Setelah kejadian yang menimpa Ice, Ice langsung dilarikan kerumah sakit dan didiagnosa keracunan makanan. Setelah menjalani pengobatan Ice menjadi lebih baik, tapi dia menjadi lebih tertutup bahkan dengan keluarganya.

Dia menjadi lebih takut dari sebelumnya, dia tak tau mau percaya dengan siapa lagi. Semua orang di matanya hanya seorang penjahat yang kejam, dapat membunuh tanpa menyentuh. Ice akan lebih berhati hati dengan semua orang, teman, sahabat, dan keluarga termasuk Blaze. Dia tak mau hal tersebut terulang lagi.

— — —  — — —  — — —

"Ice makan lah, kamu sama sekali ga nyentuh makanan itu!" Ucap Gempa hendak  menggenggam tangan Ice. Ice dengan reflek cepat, dia menepis tangan Gempa "Gak!" Jawab singkatnya lalu beranjak lari ke kamarnya.

Lalu seseorang yang menepuk pundak Gempa dengan pelan "Yauda Gem, tunggu aja. Dia lagi di masa pemulihan–" dia menghela nafas pasrah "–kamu yang sabar ya? Nanti dia percaya sama kita lagi ko." Lanjut orang itu.

"Tapi aku ga tega. Dia belum makan sama sekali, bahkan ini udah siang." Gempa tampak pasrah dengan apa yang terjadi dengan Ice. "Bang Hali?" Halilintar yang sedari tadi menggenggam pundak Gempa lalu merangkul Gempa "kenapa?" Tanya Halilintar.

"Ice kayanya gabakal percaya sama kita."

"Hah?"

"Dia udah asing sama kita."

.  .  .  . Hening.

"Tapi ga ada salahnya kita tunggu, 'kan?!" Halilintar menggenggam kedua pundak Gempa dengan erat dan menatap tajam ke arah Gempa. Mata Gempa sudah terlihat putus asa, dia benci ketika adiknya ada yang bertingkah seperti kakaknya adalah orang asing.

"Gatau.." Gempa mengangkat kedua tangan kakaknya yang ada dibahunya itu. "Aku bingung.." Melanjutkan ucapannya itu dan pergi keruang tengah.

'Ini kenapa si?' Batin Halilintar.

Thorn yang di kebunnya, mendengar bentakan Halilintar langsung beranjak pergi ke ruang makan. "Kenapa lagi bang?!" Tanya Thorn ke Halilintar. "kenapa emangnya?" Halilintar malah tanya balik ke Thorn, Hal itu membuat Thorn melihat kakaknya dengan bingung.

"Tadi teriak apa?"

"Oh, gaada." Halilintar langsung membuang mukanya dan sedikit melirik ke arah Thorn, Thorn terlihat bingung dengan gerak gerik Halilintar. Halilintar yang menyadari hanya mengelus rambut Thorn dan menghadap balik ke arah Thorn. "Gaada Thorn, sana urus kegiatanmu."

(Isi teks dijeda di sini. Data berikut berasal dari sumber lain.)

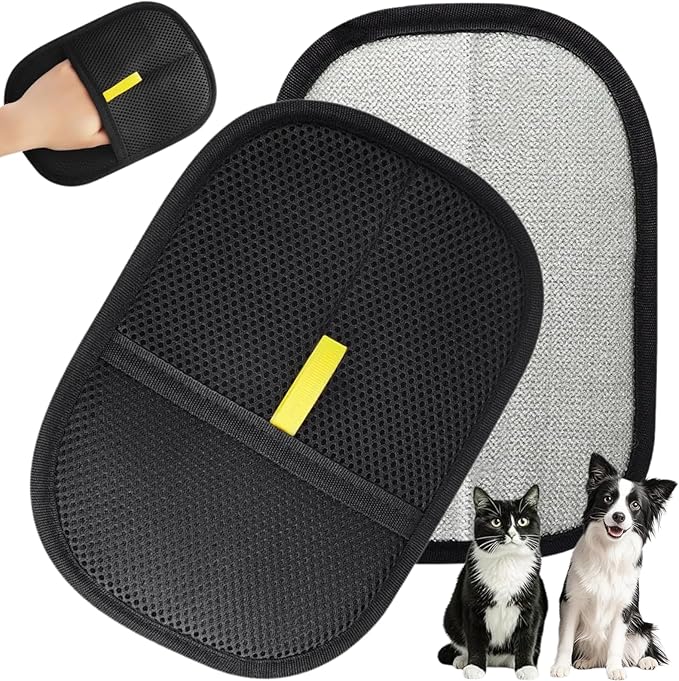2PCs Upgraded Pet Hair Removal Gloves for Cats & Dogs, Five-Finger Electrostatic Reusable Magic Brush for Effortless Pet Hair Remover Tool on Carpet, Clothing, Laundry, Couch, Car Seat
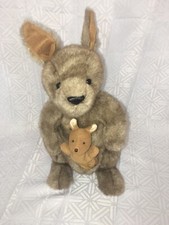 EUC-HTF-14  Gund Standing Kangaroo 'Sydney' w/ Attached Joey Baby Roo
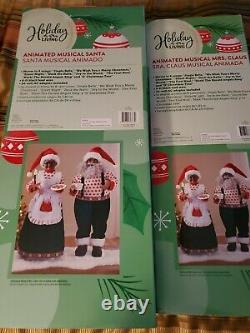 28 African American Animated Musical Santa Claus And Mrs Claus New in box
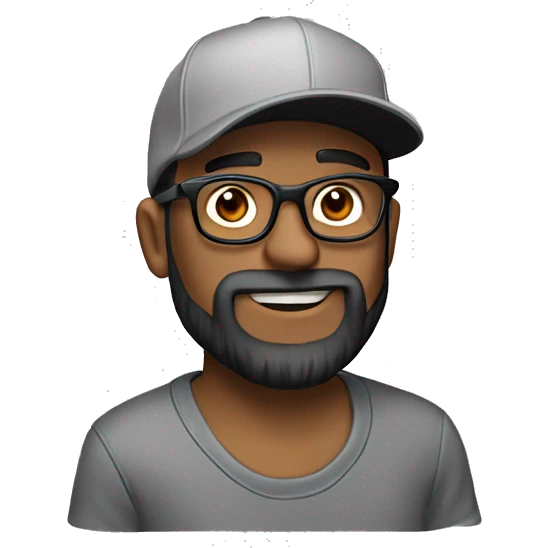 Brown guy Baseball cap on backwards with eye glasses grey and black beard with earrings and hat turned around  emoji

"Okay!" Lalu berjalan pergi kekebunnya lagi.

Halilintar hanya menjatuhkan badannya ke kursi makan dan mulai memijat mijat dahinya 'udah rusak keluarga ini.' batinnya.
'gue udah muak sama semuanya, tapi gue bocah sulung di ni keluarga' Lanjutnya.

— Di kamar Ice dan Blaze —

"Ice.. kamu udah makan..?" Tanya Blaze, Ice hanya menggelengkan kepalanya.

"Kenapa?"

"Ice gamau." Ucap Ice sambil memainkan jari telunjuknya. Blaze lalu mengambil kedua tangan Ice "Ice, makan ayo?" Jawaban Ice tetap sama, dia hanya menggelengkan kepalanya lagi.

"Terserahlah, Ice." Lalu Blaze duduk di sebelah Ice dan mengelus punggung kembarannya itu.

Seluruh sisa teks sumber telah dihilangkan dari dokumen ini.